Mrs. Ames was left with a family of four children, all of whom were born in San Bernardino. The oldest, Vada, was first married to David Johnson, a locomotive engineer who was killed in a railroad wreck. Three children survive that marriage: Murrell, Mrs. Olive Lyttle of Los Angeles and Darius Johnson, a law student. Mrs. Johnson is now the wife of Henry Pankey, of Santa Ana, California. The second child of Margaret Paine is Olive, now Mrs. Frank Thurston of Ontario, and they have two children, Dorothy and Margaret. The third child is Effie, who is Mrs. T. B. Van Fleet, and the fourth was Mrs. Essie Pope, of Santa Ana.
Effie Ames is married to one of Cucamonga's most prosperous ranchers. Mr. Van Fleet was born in Illinois, but his parents were pioneers at Downey, California, and he has been a resident of the Cucamonga district for thirty years. On coming here Mr. Van Fleet bought a ten acre tract, including one of the oldest vineyards in the locality. He has since added to this until he now owns ^ hundred sixty acres, well diversified in citrus, deciduous fruits and vine crops. He has become a man of prominence and means. Mrs. Van Fleet is well educated, has a literary turn, and is the author of a number of charming poems. Mr. and Mrs. Van Fleet have the following children: Vada, Mrs. Muriel Bray of Santa Ana; Nelson M., who was with the United States Marines until the armistice; Mrs. Katherine Krauter, of San Jose, Theresa, a student in the Normal School at Los Angeles; Francis and Helen, both attending the Chaffey High School at Ontario; Ruth, Helen and Stanley, pupils in the Cucamonga grammar school.
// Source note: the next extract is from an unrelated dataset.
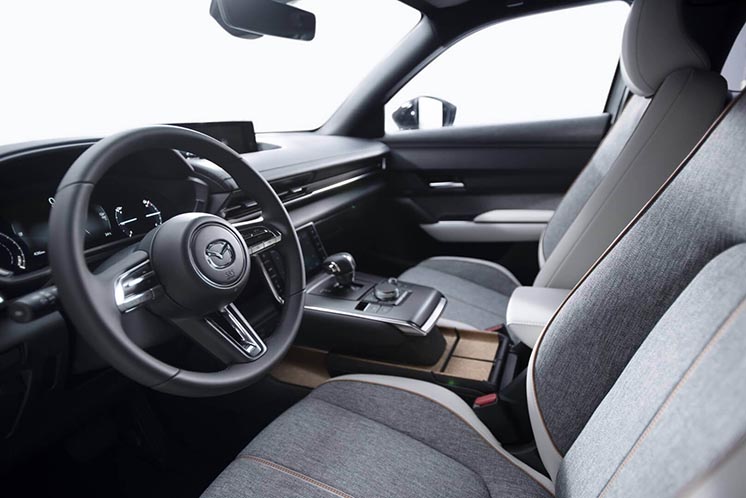 На Токійському автосалоні Mazda презентувала свій перший електромобіль MX-30 На Токійському автосалоні Mazda презентувала свій перший електромобіль MX-30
Margaret Paine is, therefore, one of the few survivors of that pioneer era when the San Bernardino Valley was being developed as the home of white men, but many years in advance of the modern era of orchards and vineyards and irrigated ranches with beautiful homes. She and her family have done a worthy part as pioneers in the making of this section. Mrs. Ames and her children are active workers in the Reorganized Church of Jesus Christ, composed of Latter Day Saints, but not a branch of the Mormon Church.